Re: [patch] push the KERNEL_LOCK deeper on read(2) and write(2)

2019-06-06 Thread Solène Rapenne

Le 2019-06-05 12:06, Mark Kettenis a écrit :

Date: Wed, 5 Jun 2019 10:16:25 +0200
From: Sebastien Marie 

Hi,

I would like to have feedback and testing on this diff. The initial 
work

was done by ian@.


Don't forget to run "make syscalls" in sys/kern when building your own
kernel with this diff!



no problem so far with this diff and the scheduler one.



Re: [patch] push the KERNEL_LOCK deeper on read(2) and write(2)

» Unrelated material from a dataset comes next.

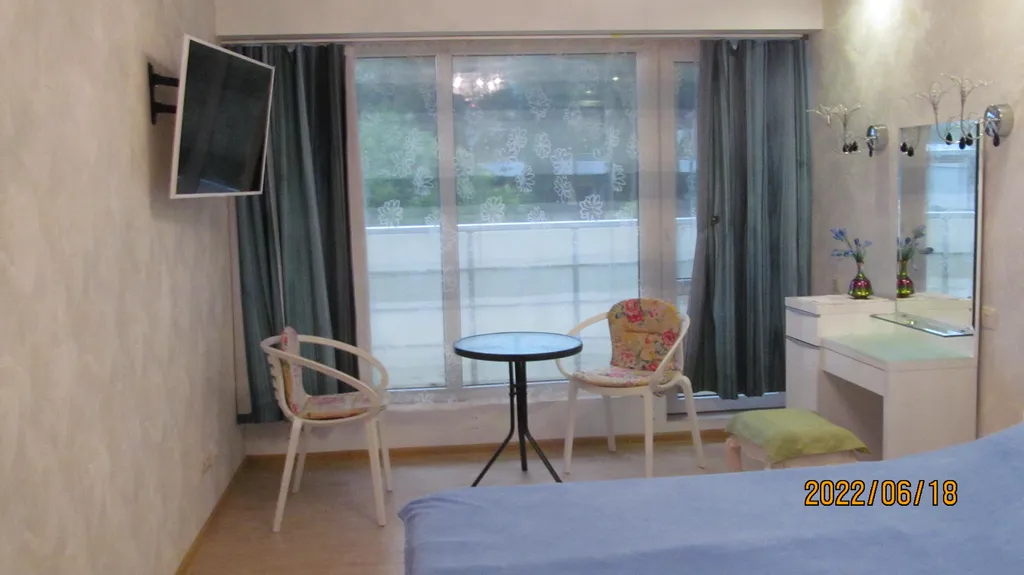 Современная 2-шка у моря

2019-06-05 Thread Mark Kettenis
> Date: Wed, 5 Jun 2019 10:16:25 +0200
> From: Sebastien Marie 
> 
> Hi,
> 
> I would like to have feedback and testing on this diff. The initial work
> was done by ian@.

Don't forget to run "make syscalls" in sys/kern when building your own
kernel with this diff!

> It unlocks read(2) and write(2) families, and push the KERNEL_LOCK
> deeper in the code path. With it, read(2) and write(2) on socket will be
> KERNEL_LOCK-free.
> 
> read(2) and write(2) are file type agnostics by using `struct fileops'
> (see sys/file.h) which define effective implementation per file type.
> 
> Currently, we have the following fileops defined:
> - dmabuf  dev/pci/drm/drm_linux.c
> - kqueue  kern/kern_event.c
> - pipekern/sys_pipe.c
> - socket  kern/sys_socket.c
> - vnode   kern/vfs_vnops.c
> 
> 
> read(2) family uses dofilereadv(), which calls:
> - fileops::fo_read()
> - FRELE() -> fdrop() -> fileops::fo_close()
> 
> write(2) family uses dofilewritev(), which calls:
> - fileops::fo_write()
> - FRELE() -> fdrop() -> fileops::fo_close()
> 
> 
> The diff pushs the KERNEL_LOCK inside each function, where it is
> effectively needed. But as some file types doesn't need the lock (socket
> for example), it makes read(2) and write(2) lock-free for them, while
> still grabbing the lock for others (vnode for example).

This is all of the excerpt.